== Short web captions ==

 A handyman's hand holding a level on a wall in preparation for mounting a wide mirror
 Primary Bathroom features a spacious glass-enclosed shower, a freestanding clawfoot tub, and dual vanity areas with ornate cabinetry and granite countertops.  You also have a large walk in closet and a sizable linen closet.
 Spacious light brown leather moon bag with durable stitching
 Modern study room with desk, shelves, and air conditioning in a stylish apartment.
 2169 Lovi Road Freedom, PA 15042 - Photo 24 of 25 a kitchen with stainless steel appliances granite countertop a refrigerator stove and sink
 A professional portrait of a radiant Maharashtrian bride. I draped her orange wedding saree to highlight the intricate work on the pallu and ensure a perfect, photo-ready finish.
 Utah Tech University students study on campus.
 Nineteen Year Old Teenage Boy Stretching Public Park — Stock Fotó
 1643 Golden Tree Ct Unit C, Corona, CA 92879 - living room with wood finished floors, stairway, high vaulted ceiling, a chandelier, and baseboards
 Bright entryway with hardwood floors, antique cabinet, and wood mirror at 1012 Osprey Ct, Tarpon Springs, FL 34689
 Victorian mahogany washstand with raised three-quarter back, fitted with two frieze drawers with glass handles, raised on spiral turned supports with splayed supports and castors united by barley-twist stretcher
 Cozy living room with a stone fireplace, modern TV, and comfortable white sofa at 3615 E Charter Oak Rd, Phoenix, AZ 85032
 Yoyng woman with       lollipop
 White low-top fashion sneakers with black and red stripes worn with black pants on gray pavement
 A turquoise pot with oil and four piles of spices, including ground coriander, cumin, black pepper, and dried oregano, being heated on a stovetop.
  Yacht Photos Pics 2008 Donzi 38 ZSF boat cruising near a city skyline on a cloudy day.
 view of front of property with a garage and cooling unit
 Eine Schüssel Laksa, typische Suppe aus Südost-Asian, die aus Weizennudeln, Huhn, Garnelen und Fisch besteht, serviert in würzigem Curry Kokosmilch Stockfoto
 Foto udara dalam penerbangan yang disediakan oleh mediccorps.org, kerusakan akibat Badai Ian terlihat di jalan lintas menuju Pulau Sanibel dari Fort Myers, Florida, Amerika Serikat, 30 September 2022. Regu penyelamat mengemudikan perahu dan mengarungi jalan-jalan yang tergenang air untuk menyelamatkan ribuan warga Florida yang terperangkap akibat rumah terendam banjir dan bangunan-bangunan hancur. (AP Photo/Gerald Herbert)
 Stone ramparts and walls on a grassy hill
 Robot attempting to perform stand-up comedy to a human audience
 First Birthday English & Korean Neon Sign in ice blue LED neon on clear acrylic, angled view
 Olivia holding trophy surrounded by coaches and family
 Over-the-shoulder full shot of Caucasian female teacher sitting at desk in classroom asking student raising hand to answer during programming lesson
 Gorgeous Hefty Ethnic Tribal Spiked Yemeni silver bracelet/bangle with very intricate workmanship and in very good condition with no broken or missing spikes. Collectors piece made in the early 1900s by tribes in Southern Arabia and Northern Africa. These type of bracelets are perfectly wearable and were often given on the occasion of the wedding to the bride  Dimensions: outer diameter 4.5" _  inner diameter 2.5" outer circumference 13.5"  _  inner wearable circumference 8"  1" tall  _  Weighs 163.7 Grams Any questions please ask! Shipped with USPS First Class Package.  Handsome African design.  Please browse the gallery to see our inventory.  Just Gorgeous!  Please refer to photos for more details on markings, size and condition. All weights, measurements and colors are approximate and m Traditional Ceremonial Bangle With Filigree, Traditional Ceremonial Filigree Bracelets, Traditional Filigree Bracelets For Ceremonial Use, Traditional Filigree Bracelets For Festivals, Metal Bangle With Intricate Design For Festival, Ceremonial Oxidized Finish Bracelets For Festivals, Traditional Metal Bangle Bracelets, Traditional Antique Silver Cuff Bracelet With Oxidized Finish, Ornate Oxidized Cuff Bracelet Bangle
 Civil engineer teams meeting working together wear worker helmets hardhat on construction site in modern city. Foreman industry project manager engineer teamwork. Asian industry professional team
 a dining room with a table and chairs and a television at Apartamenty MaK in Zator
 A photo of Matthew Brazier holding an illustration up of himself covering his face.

== HOW TO COMPLETE THIS TASK ==
Report every line of the entries that carries the word "floors".

== EXERCISE SOLUTION ==
 1643 Golden Tree Ct Unit C, Corona, CA 92879 - living room with wood finished floors, stairway, high vaulted ceiling, a chandelier, and baseboards
 Bright entryway with hardwood floors, antique cabinet, and wood mirror at 1012 Osprey Ct, Tarpon Springs, FL 34689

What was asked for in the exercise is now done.